Darkest Before Dawn
“Hey, hold up,” Rio said, jogging after his former teammate.
Hancock stopped, but all he wanted to do was just go. To be left alone.
“Want a ride to Honor’s place? By the time we get stateside, she’ll be at her family’s house.”
For a moment he couldn’t breathe for the pain splintering through his body, heart, soul.
“No,” he finally said in a low voice.
Rio shot him a look of surprise. “What the fuck, man? You’re walking away?”
Hancock turned on him, his features savage as anger rushed hot through his veins.
“I betrayed her. I broke so many promises I can’t even count. I don’t deserve her and she certainly deserves a hell of a lot better than me. She hates me but not more than I hate myself.”
“Don’t do this, man,” Rio said, his eyes dark with sympathy. “Don’t do something you’ll regret for the rest of your life.”
“Too late,” Hancock bit out, and he turned and walked away.
CHAPTER 42
KYLE Phillips stood in the living room of Honor’s parents’ home facing her entire family. Her mother, father, four brothers and her sister. There was stark grief in their eyes because he knew they assumed the worst.
The news had broken just the night before that the terrorist group responsible for the attack on the relief center Honor had volunteered at had been completely taken out by a joint U.S. special forces unit and SEAL teams. Her family was fully prepared to be told that their daughter’s death, although already broadcast over the news for endless days and nights immediately following the attack, could now be officially confirmed. There’d been no survivors, according to reports, though Honor’s body had never been returned. It was through that, that her family had clung stubbornly to hope. But now? They fully expected official confirmation of Honor’s death.
After formally introducing himself, Kyle asked them to sit and waited until they complied before he said what he’d come to say. There was no easy or delicate way to say what he had to say, and he wasn’t one to tiptoe around an issue. It was a lot less time consuming to get straight to the point.
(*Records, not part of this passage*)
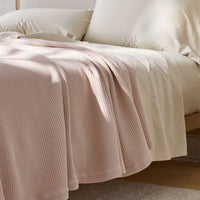 Garter Stitch Blanket - Pink Blush, Twin/Twin XL,Pink Blush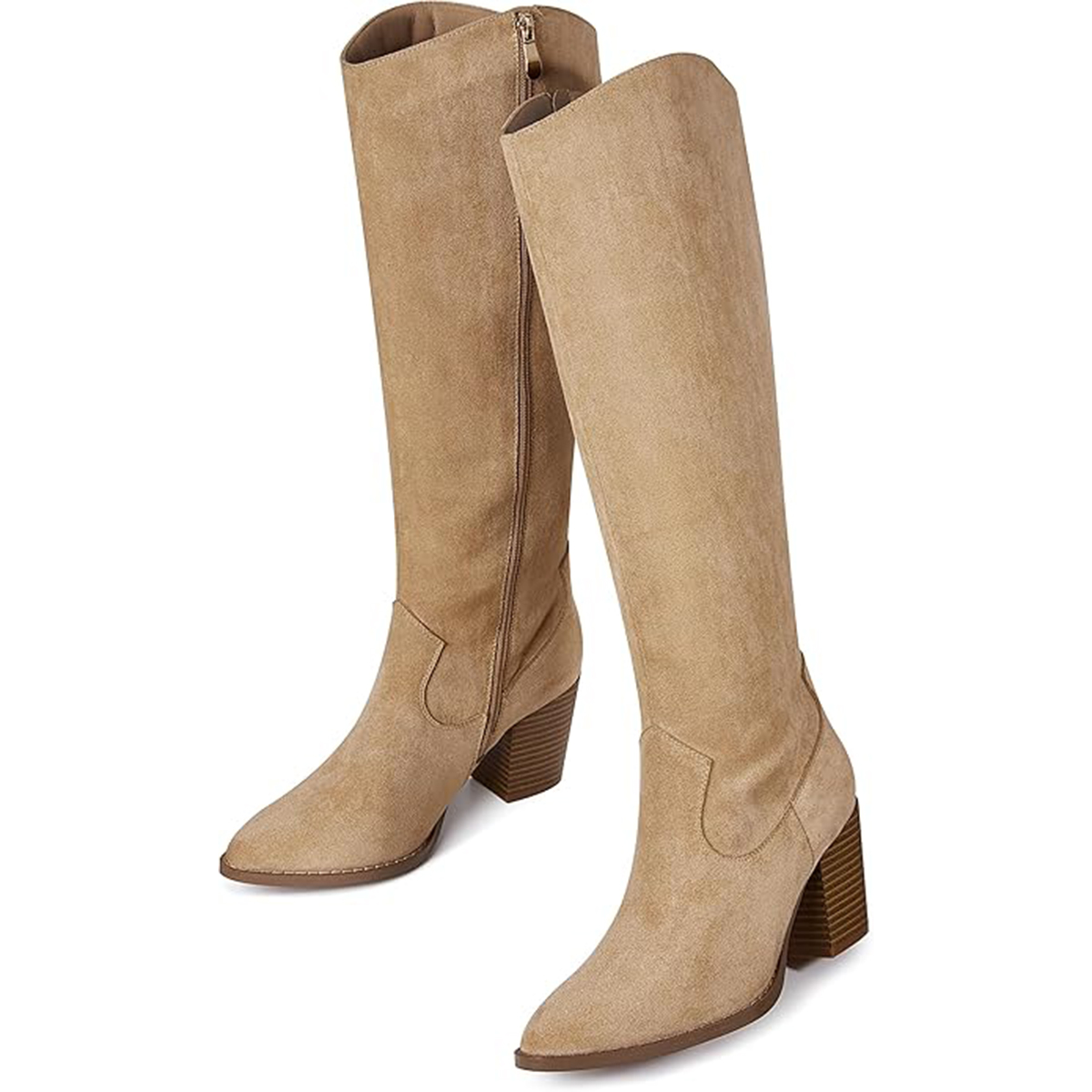MeiLuSi, Meilusi Womens Knee High Fall Boots for Women 2025, Chunky Heel Slouchy Suede Tall Boots Side Zipper Size 7 Aprocot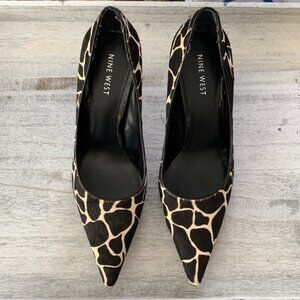 Nine West Nuncio Giraffe print leather pumps sz 6 1/2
“Your daughter is alive,” he said, no inflection to his tone as he took in all their faces and the sudden change from resignation to wary hope.
There was complete silence. Stunned expressions. Shock. And then it seemed to register what he was telling them. Her mother burst into tears as did her sister. Her brothers rocked forward, faces in their palms, and her father went ashen.
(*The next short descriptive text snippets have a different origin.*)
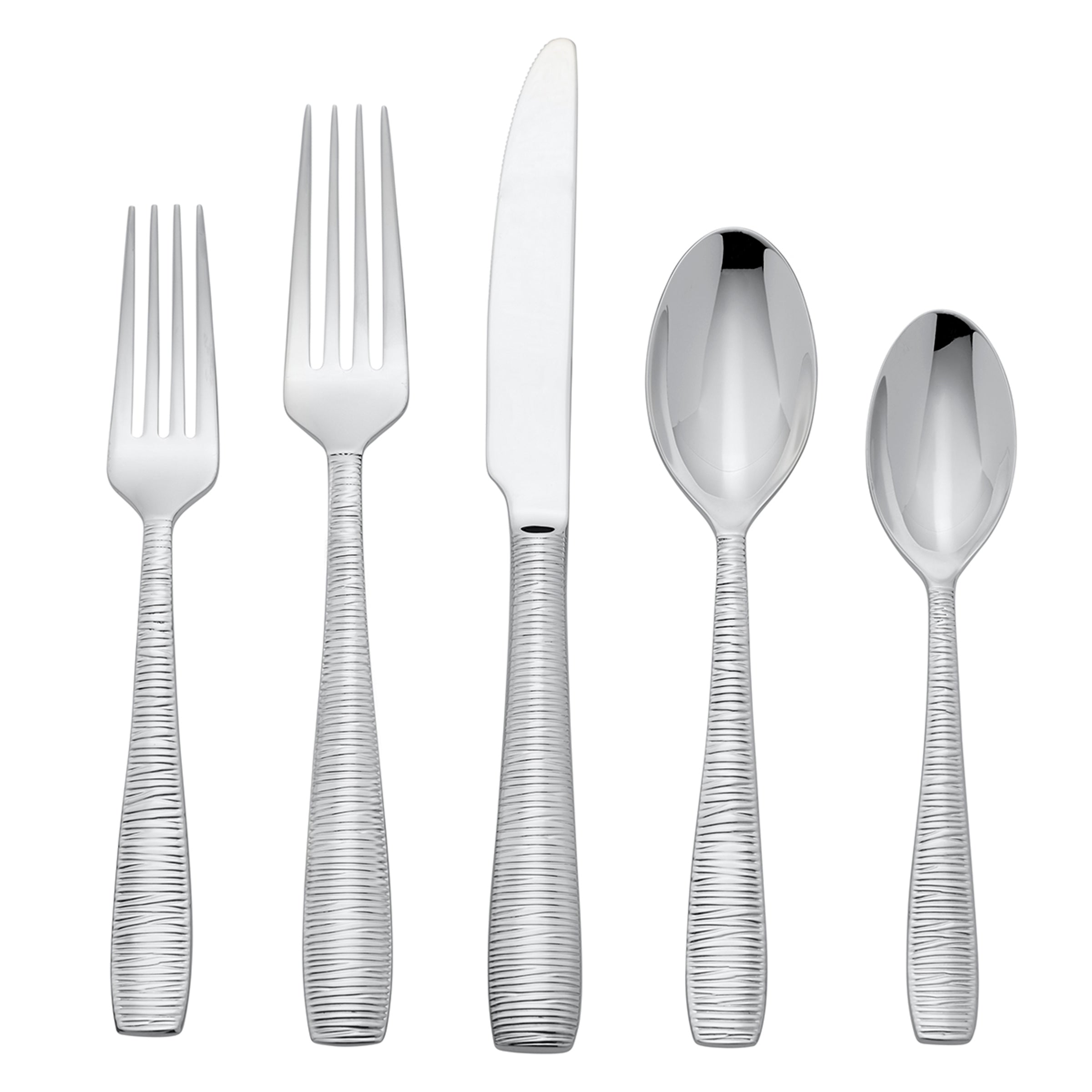 20 Piece Flatware Set with Textured Striped Handles | Bandera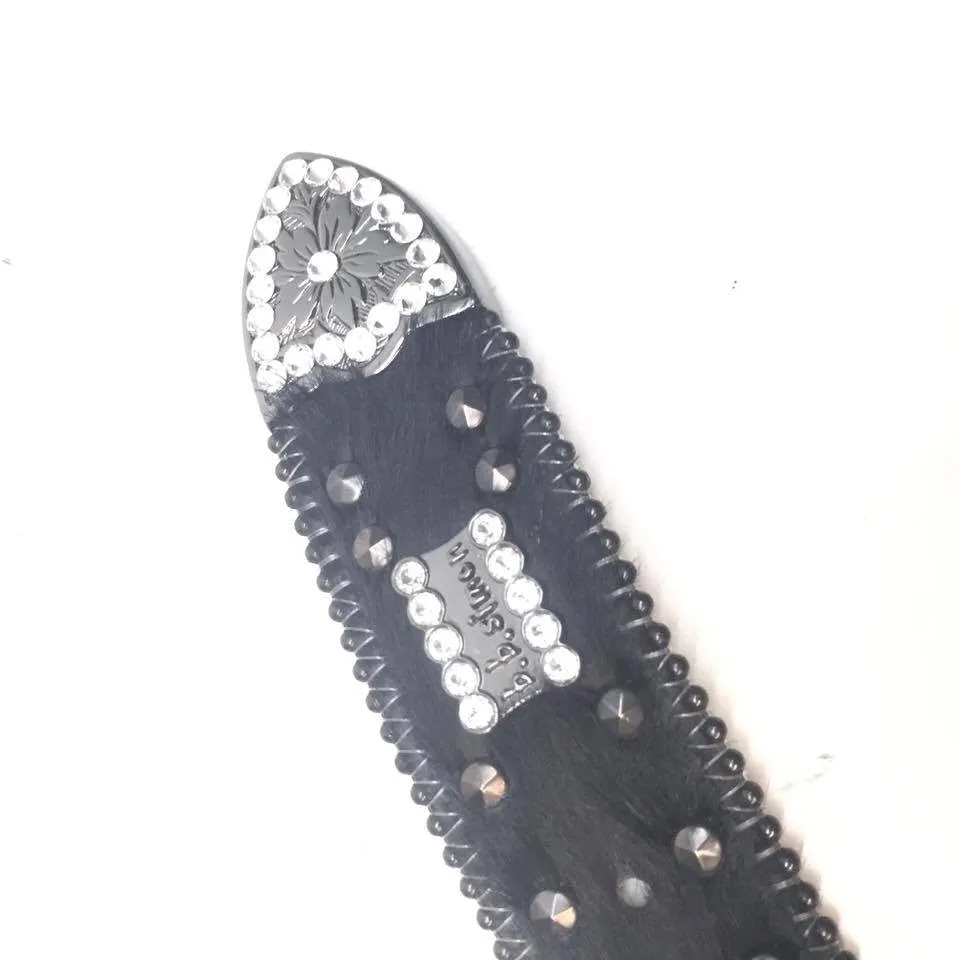 b.b. Simon "Double Studded Skull Pony Hair" Crystal Belt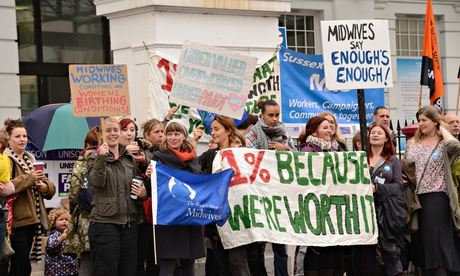 Striking NHS workers outside Brighton's Royal Sussex County hospital. it was the first strike in 32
“W-what?” Mandie’s voice quivered as she stared at the Marine in disbelief. “But we were told she was dead. The whole country was told she was dead. It’s all the news has talked about since the attack on the relief center where she worked. What on earth are you saying?”
“She survived,” Kyle said quietly. “I understand this comes as a shock . . .”
He got no further before he was bombarded with questions.
“Where is she?” Honor’s mother said hoarsely, tears streaming down her cheeks.
“Is she all right?” her father demanded. “Why isn’t she here? Why are you here and not her? What aren’t you telling us? Is she hurt?”
“Why the hell weren’t we informed before now?” Brad bit out angrily, his eyes ablaze with relief but also suspicion.
Kyle held his hands up to silence the torrent of conversation.
“I need you to listen to everything I have to tell you. It’s very important and it’s why I arrived first. She’s on her way here now. She’s not very far out, but I needed to come ahead to . . . prepare you.”
“Prepare us?” Honor’s mother whispered, her voice thick with tears, and now fear.
Sensing the importance of what Kyle had to say, everyone went silent and leaned forward, concern etched into their every feature.
Kyle gave them the details—most of them—of Honor’s escape and recapture. He gave an accounting of everything that had happened. Except anything relating to Hancock. Hancock was Honor’s to either reveal or not, but he’d not take that choice from her.
“I had to force an IV on her while we waited until it was safe to reunite you with her. She gave up,” Kyle said in a pained voice. “She was fierce. Brave. Courageous. I’ve never met her equal. But in the end, it was simply too much. Too much pain and torture and worse, the final loss of hope that had kept her sustained for so long. She doesn’t believe I’m telling her the truth, that she’s free. She believes me to be taunting her—psychological torture—delaying her eventual physical torture and death that she’d come to accept. She’s broken, ma’am,” he said to her mother.
In a quiet voice, he told them what they had already deciphered for themselves. “Your daughter is not the same young woman she was when she left here, and I want to prepare you for that. She’s retreated deep inside herself. She’s starved. Refuses to eat. I had to force the IV or she would have already died. She’s wounded in multiple areas, in multiple fashions. She’s going to need your love, support and, above all, your patience. She needs medical care. But most of all, she needs a reason to live.”
“Oh my God. Oh my God,” her sister said, her sobs echoing through the room.
“She’s alive!” one of her brothers exclaimed. “She’s coming home!”
“We’ll help her,” her father vowed. “Whatever she needs. Whatever it takes. I will not have the miracle of my daughter back only to lose her again. I won’t let it happen.”